Op 10 januari 2009 heeft de Plantenwerkgroep haar onderzoek op de Hooge Heide afgesloten met een wandeling. Aan het einde van de wandeling heeft Jan Maassen van de plantenwerkrgoep het rapport overghandigd aan Tjeerd van Tol (ecoloog van de gemeente 's-Hertogenbosch). De Hooge Heide ligt ten Oosten van Rosmalen.
Dit gebied kenmerkt zich door bossen, open terreinen met heide en zandverstuivingen. De open terreintjes zijn heel belangrijk voor de natuur omdat daar veel gradiënten op korte afstand voorkomen.

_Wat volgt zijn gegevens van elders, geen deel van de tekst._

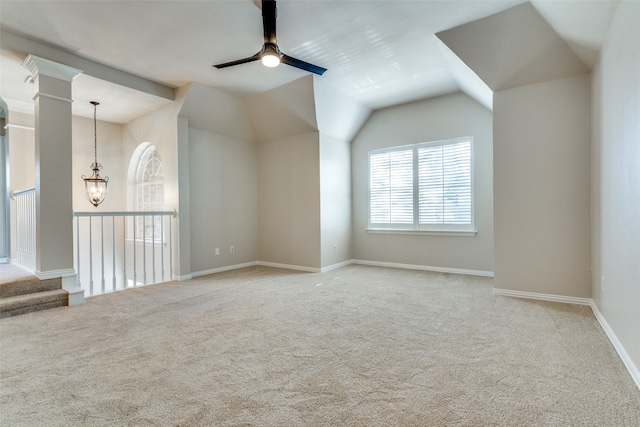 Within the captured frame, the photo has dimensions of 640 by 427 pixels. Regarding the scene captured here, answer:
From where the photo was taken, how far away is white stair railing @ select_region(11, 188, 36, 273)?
3.92 meters

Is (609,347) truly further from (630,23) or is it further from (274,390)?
(274,390)

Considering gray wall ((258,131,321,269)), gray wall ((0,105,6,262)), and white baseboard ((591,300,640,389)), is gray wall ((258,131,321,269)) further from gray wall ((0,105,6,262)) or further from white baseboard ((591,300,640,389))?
gray wall ((0,105,6,262))

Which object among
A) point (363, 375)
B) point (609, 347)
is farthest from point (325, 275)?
point (609, 347)

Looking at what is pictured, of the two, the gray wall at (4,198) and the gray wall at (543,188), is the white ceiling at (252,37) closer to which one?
Answer: the gray wall at (543,188)

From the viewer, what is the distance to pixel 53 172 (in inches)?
140

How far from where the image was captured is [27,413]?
5.46ft

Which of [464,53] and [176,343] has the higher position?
[464,53]

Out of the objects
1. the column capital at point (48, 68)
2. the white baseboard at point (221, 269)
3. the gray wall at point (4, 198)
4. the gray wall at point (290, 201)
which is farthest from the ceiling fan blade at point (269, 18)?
the gray wall at point (4, 198)

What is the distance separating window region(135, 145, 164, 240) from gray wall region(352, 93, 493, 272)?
3776mm

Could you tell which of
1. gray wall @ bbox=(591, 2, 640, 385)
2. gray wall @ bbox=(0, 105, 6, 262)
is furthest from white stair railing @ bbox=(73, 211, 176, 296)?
gray wall @ bbox=(591, 2, 640, 385)

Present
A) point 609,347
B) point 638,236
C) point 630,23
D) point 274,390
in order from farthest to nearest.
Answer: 1. point 609,347
2. point 630,23
3. point 638,236
4. point 274,390

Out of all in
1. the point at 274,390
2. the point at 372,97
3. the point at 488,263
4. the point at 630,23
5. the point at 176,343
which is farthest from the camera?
the point at 372,97

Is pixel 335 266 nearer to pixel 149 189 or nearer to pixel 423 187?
pixel 423 187

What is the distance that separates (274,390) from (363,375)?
59 cm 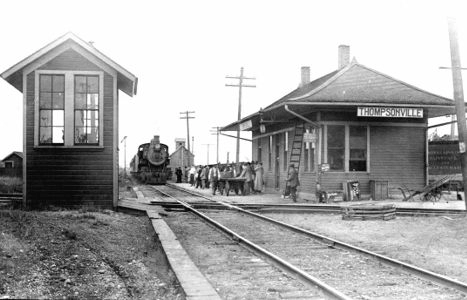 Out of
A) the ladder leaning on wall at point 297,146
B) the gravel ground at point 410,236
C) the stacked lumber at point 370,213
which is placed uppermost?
the ladder leaning on wall at point 297,146

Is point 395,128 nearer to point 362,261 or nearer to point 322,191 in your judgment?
point 322,191

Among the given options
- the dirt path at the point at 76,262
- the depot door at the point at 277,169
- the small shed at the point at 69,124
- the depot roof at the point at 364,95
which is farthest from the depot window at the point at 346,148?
the dirt path at the point at 76,262

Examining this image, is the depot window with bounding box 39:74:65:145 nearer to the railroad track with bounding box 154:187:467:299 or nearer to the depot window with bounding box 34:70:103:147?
the depot window with bounding box 34:70:103:147

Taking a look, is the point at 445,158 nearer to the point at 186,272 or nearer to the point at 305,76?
the point at 305,76

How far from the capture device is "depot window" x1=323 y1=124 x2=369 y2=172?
1905 centimetres

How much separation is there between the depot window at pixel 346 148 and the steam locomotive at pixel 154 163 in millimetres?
24916

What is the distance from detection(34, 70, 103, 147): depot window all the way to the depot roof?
637 centimetres

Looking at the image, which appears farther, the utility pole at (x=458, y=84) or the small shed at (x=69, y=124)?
the small shed at (x=69, y=124)

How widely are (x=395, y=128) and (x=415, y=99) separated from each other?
4.49 ft

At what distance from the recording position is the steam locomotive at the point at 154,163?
42.2 meters

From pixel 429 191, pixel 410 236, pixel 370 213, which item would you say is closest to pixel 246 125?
pixel 429 191

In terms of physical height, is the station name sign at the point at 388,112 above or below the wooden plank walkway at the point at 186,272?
above

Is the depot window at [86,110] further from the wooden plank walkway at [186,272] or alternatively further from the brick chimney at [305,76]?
the brick chimney at [305,76]

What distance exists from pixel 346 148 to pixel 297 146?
283cm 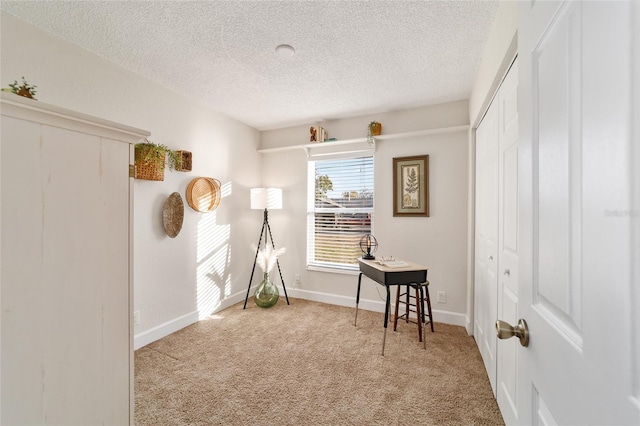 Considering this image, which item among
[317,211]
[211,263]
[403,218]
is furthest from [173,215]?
[403,218]

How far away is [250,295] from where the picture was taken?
3869 millimetres

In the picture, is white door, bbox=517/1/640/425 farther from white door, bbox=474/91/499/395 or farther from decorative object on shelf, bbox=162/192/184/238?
decorative object on shelf, bbox=162/192/184/238

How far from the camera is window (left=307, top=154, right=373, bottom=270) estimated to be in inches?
142

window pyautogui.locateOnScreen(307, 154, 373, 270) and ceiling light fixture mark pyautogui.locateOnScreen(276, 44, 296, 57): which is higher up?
ceiling light fixture mark pyautogui.locateOnScreen(276, 44, 296, 57)

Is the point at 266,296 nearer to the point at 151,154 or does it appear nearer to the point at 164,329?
the point at 164,329

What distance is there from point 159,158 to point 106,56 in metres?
0.87

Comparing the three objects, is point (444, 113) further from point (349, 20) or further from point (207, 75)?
point (207, 75)

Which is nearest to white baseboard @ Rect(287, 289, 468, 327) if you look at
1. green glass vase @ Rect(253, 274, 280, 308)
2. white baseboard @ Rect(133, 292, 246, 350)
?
green glass vase @ Rect(253, 274, 280, 308)

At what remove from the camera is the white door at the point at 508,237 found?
1.47 meters

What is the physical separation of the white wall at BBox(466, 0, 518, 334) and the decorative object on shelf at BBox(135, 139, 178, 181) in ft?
8.88

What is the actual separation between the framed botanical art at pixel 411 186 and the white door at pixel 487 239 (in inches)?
24.6

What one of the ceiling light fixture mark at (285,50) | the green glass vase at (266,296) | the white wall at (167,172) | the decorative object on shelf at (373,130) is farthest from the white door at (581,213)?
the green glass vase at (266,296)

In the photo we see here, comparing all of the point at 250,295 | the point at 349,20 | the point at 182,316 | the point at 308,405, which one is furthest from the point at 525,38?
the point at 250,295

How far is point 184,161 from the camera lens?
2.83 metres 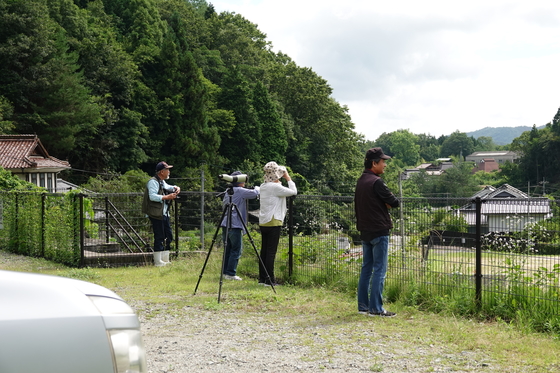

De open terreintjes zijn de afgelopen periode ernstig vergrast met pijpestrootje en struisgras. Daarom zijn er herstelmaatregelen gepland om de van oorsprong aanwezige stuifzandjes en heischrale graslandjes weer terug te brengen in het gebied. De plantenwerkgroep heeft op verzoek van de gemeente een heel aantal open terreintjes verkend en de gegevens in een rapport vastgelegd.
Historie
Gelegen op dekzandrug tussen Rosmalen en Oss. Tweedeling is te maken tussen een lager en een hoger gelegen deel. Lagergelegen deel is van oorsprong het beste geschikt voor landbouw.Bestaande wegen door dit gebied vormde de basis voor ontginning. De eerste boeren vestigden zich langs deze bestaande wegen. Vandaar uit werd er vanuit iedere boerderij steeds meer percelen ontgonnen. Hierdoor ontstond het onregelmatig verkavelde kampenlandschap, dat nu nog te herkennen is (aan noordkant van Oude Baan). De akkers rond de boerderij werden uitgerasterd voor het vee door aanplant van houtwallen op de perceelranden. Door opbrengen van mest en plaggen op deze percelen rond de boerderij zijn plaatselijk verhoogde percelen/akkers ontstaan met verrijkte grond.Het vee werd geweid op de hogere gelegen gronden. Deze zogenaamde Woeste gronden waren voor algemeen gebruik. Maar de grond werd hierdoor nog armer. Met als gevolg dat gebieden steeds minder geschikt werden voor begrazing en er stuifzanden ontstonden. Later zijn dennen op de hogere delen geplant om zand vast te houden en voor houtproductie. Is basis voor nu aanwezige bos.
“De open terreindelen liggen nu als eilandjes in een zee van dennen.”